(Dataset entries)
_____

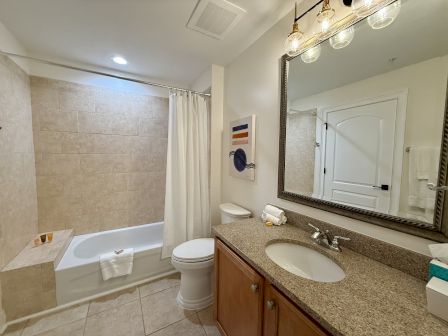 A clean, modern bathroom with a granite countertop, large mirror, bathtub with a shower curtain, and abstract wall art.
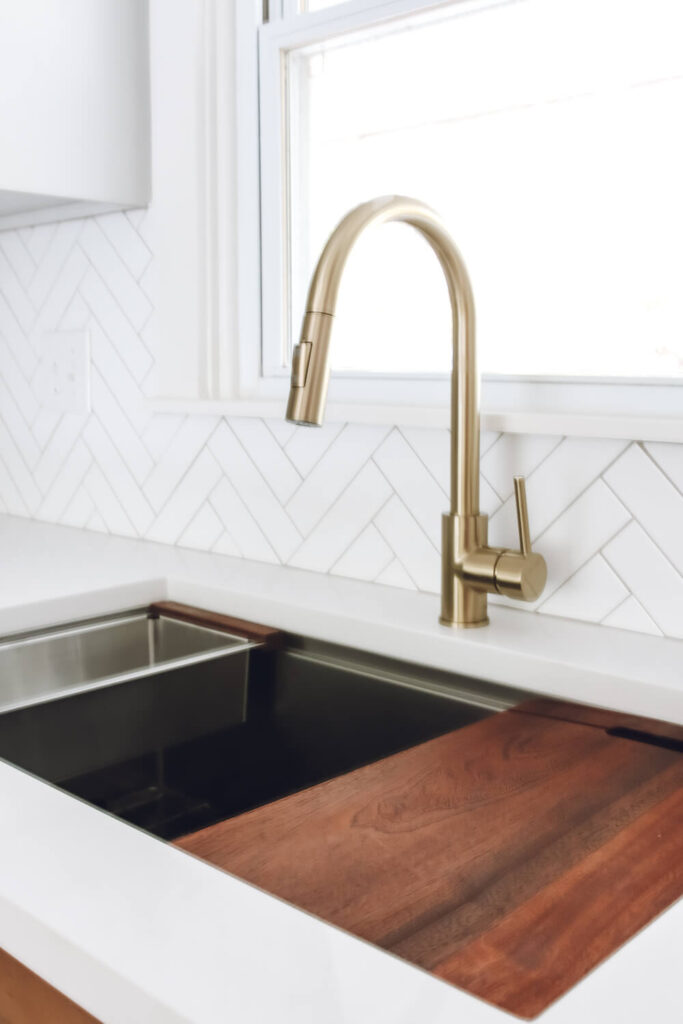workstation sink with gold faucet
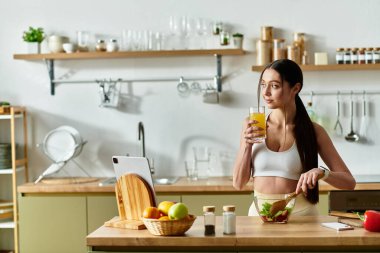 Spor sütyenli genç bir kadın canlandırıcı bir içecek içerken canlı bir salata hazırlıyor..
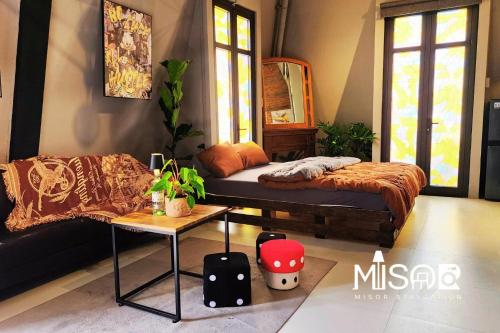 Postel nebo postele na pokoji v ubytování Celine's Loft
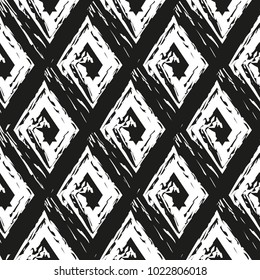 Vector abstract seamless pattern whit drawn by brush rhombuses.Modern stylish texture.Black and white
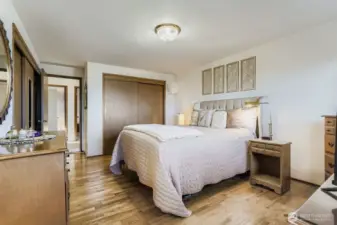 Another view of primary bedroom.  Double closet space.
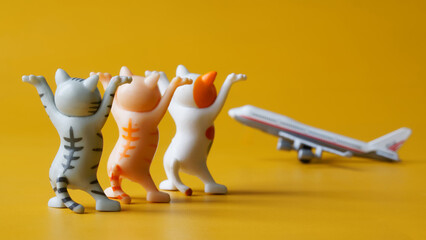 Toy kittens with raised legs and passenger airplane on yellow background. Greeting arriving...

_____

▸ **What you should do**
The task requires that every line above be transcribed exactly, without the images.

▸ **Solution to the problem**
 A clean, modern bathroom with a granite countertop, large mirror, bathtub with a shower curtain, and abstract wall art.
workstation sink with gold faucet
 Spor sütyenli genç bir kadın canlandırıcı bir içecek içerken canlı bir salata hazırlıyor..
 Postel nebo postele na pokoji v ubytování Celine's Loft
 Vector abstract seamless pattern whit drawn by brush rhombuses.Modern stylish texture.Black and white
 Another view of primary bedroom.  Double closet space.
 Toy kittens with raised legs and passenger airplane on yellow background. Greeting arriving...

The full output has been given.